Growing up, Alcibiades was considered Athens’ most beautiful youth, and in an era when pederasty was widespread and acceptable, he was passionately pursued by many, and showered with gifts and flattery. Even Socrates was among his admirers. When the Peloponnesian War began, Alcibiades quickly gained a reputation for courage and military talent in battle, and for being a charismatic and persuasive speaker in the Assembly.

A hawk, by 420 he had become one of Athens’ generals, and strongly opposed reconciliation with Sparta. In 415, he convinced the Assembly to send a massive expedition to invade Sicily and conquer Syracuse. On the eve of sailing, however, statues of the god Hermes throughout the city were desecrated. Suspicion fell upon Alcibiades, whose dissolute clique had a reputation for drunken vandalism and impiety. He demanded an immediate trial, but his enemies allowed the expedition, whose ranks were disproportionately comprised of Alcibiades’ supporters, to sail on with the charges still hanging over him. Then, after the city had been largely emptied of Alcibiades’ partisans, a ship was sent to Sicily, summoning him to return to Athens and face trial before an Assembly in which his enemies were now a majority.

Rather than obey the summons, Alcibiades fled and defected to Sparta.

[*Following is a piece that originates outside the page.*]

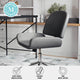 Gray Faux Leather/Polished Nickel |#| Faux Leather Armless Swivel Home Office Chair - Gray/Polished Nickel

He is credited with advising the Spartans to adopt the strategy which culminated in the near-complete annihilation of Athens’ Sicilian expedition – the force he had organized, convinced Athens to send to Sicily, and whose men he once led. That was the most catastrophic, and bloodiest, defeat suffered by Athens during the war. Of the tens of thousands of Athenians who took part, only a relative handful ever saw Athens again: those who were not massacred in the fighting were enslaved, then sent to Sicilian quarries where they were worked to death.

Additionally, he convinced the Spartans to abandon their strategy of marching into Attica each campaigning season, burning in looting, then retreating and repeating the cycle the following year. Instead, he had the Spartans establish a permanent fortified base in Attica, which allowed them to exert direct pressure on Athens year round. He also went to Ionia, where he stirred up a revolt against Athens by her allies and subject cities in Asia Minor.

Despite the valuable services he rendered Sparta, Alcibiades wore out his welcome after he was caught in bed with the wife of the Spartan king Agis II. Fleeing again, this time to the Persians, Alcibiades convinced them to adopt a strategy that would prolong the war as long as possible, keeping the Athenians and Spartans too busy fighting each other to challenge Persia’s interests.

Back in Athens, which was reeling from the string of military catastrophes that Alcibiades had helped inflict on his city, political turmoil led to an oligarchic coup. However, the Athenian fleet remained pro-democracy, and in the chaos, Alcibiades used his charisma to persuade the fleet to take him back.

From 411 to 408 BC, he led the Athenian fleet in a dramatic recovery, winning a series of stunning victories that turned the war around, and suddenly it was Sparta that was reeling and on the verge of collapse. He returned to Athens in 407 BC, where he received a rapturous welcome, his earlier treasons forgiven and temporarily forgotten, and was given supreme command in conducting the war.

However, the Athenians turned on Alcibiades a few months later, after a minor naval defeat when he was absent from the fleet. He fled again and having burned bridges with all sides, holed up in a fortified castle in Thrace, before fleeing even further away to take refuge in Phrygia. However, a Spartan delegation traveled to Phrygia and convinced its Persian governor to have Alcibiades murdered in 404 BC.